▶ HOW TO COMPLETE THIS TASK: Your task is to give the records again exactly. Leave each picture out.

(Beginning of DATA SUPPLIED)

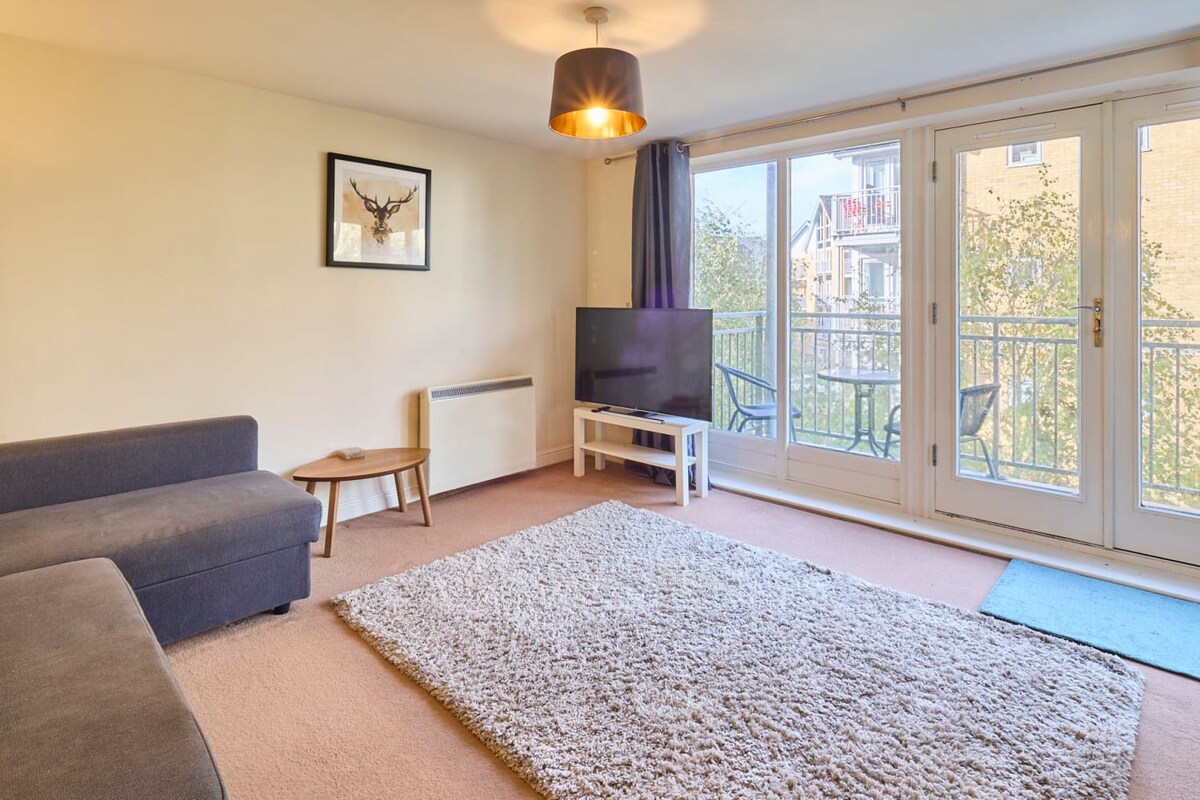 Bingley Court, Canterbury - Host & Stay
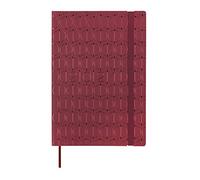 Finocam - Agenda 2021 Settimana vista verticale Dynamic Casual Bordeaux Catalano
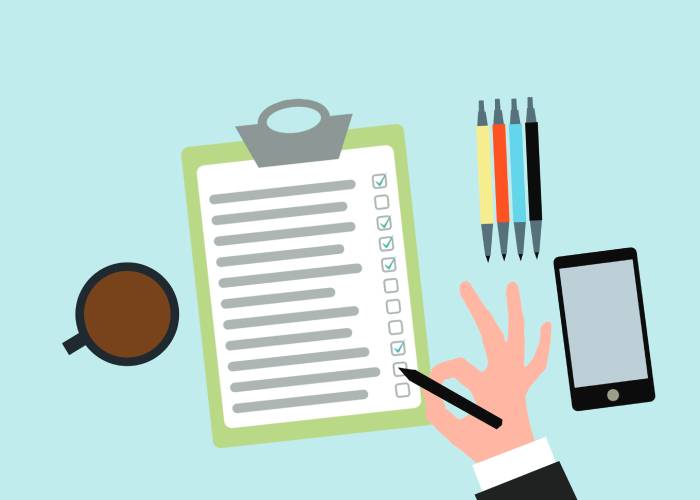 10 ερωτήσεις που πρέπει να κάνεις πριν κλείσεις χώρο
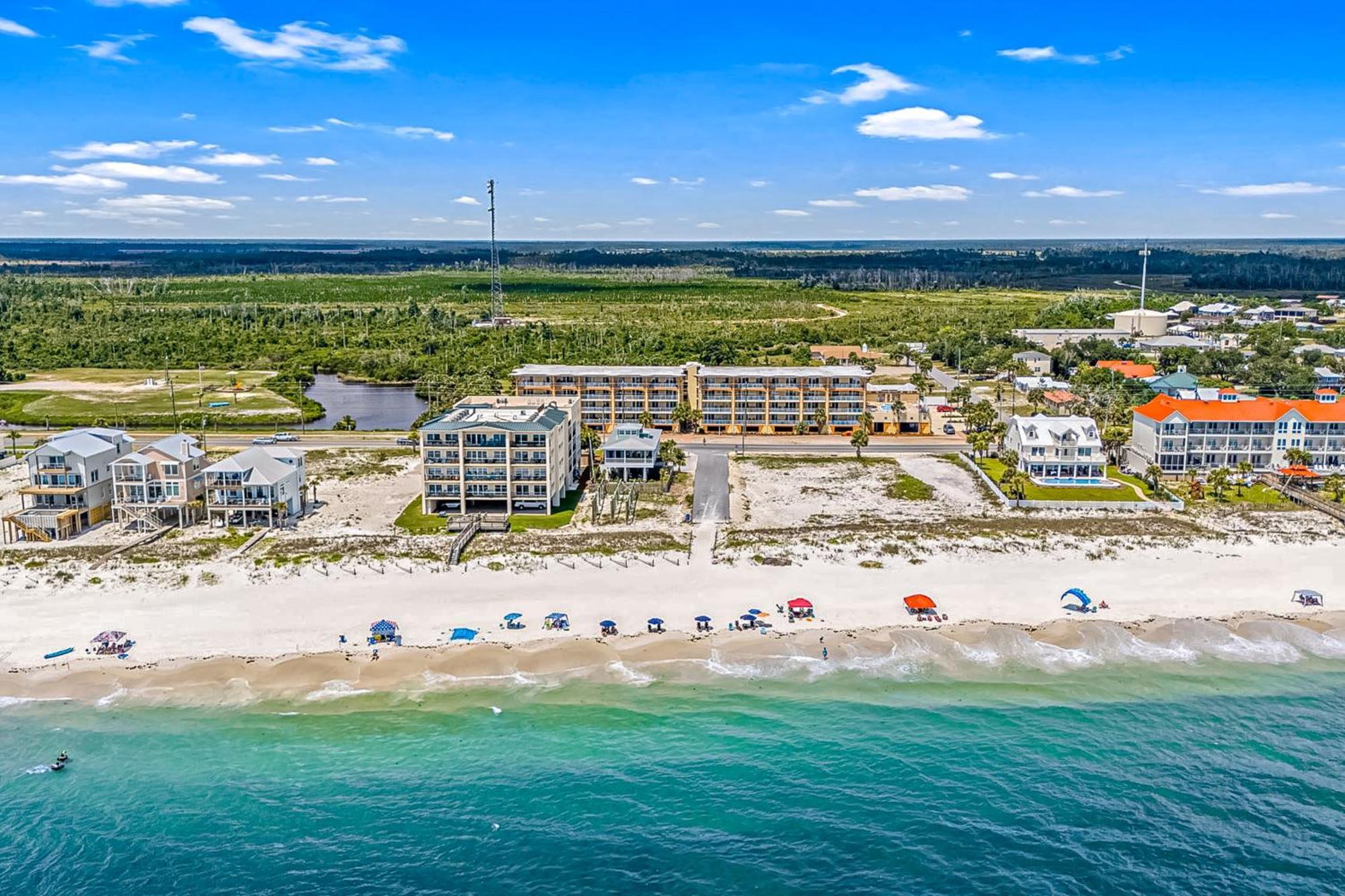 Summerhouse 402 Mexico Beach Dış mekan fotoğraf
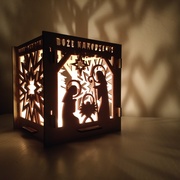 Grawerowane ozdoby, pamiątki i gadżety Laserowego Świata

(End of DATA SUPPLIED)

▶ RESPONSE:
 Bingley Court, Canterbury - Host & Stay
 Finocam - Agenda 2021 Settimana vista verticale Dynamic Casual Bordeaux Catalano
 10 ερωτήσεις που πρέπει να κάνεις πριν κλείσεις χώρο
 Summerhouse 402 Mexico Beach Dış mekan fotoğraf
 Grawerowane ozdoby, pamiątki i gadżety Laserowego Świata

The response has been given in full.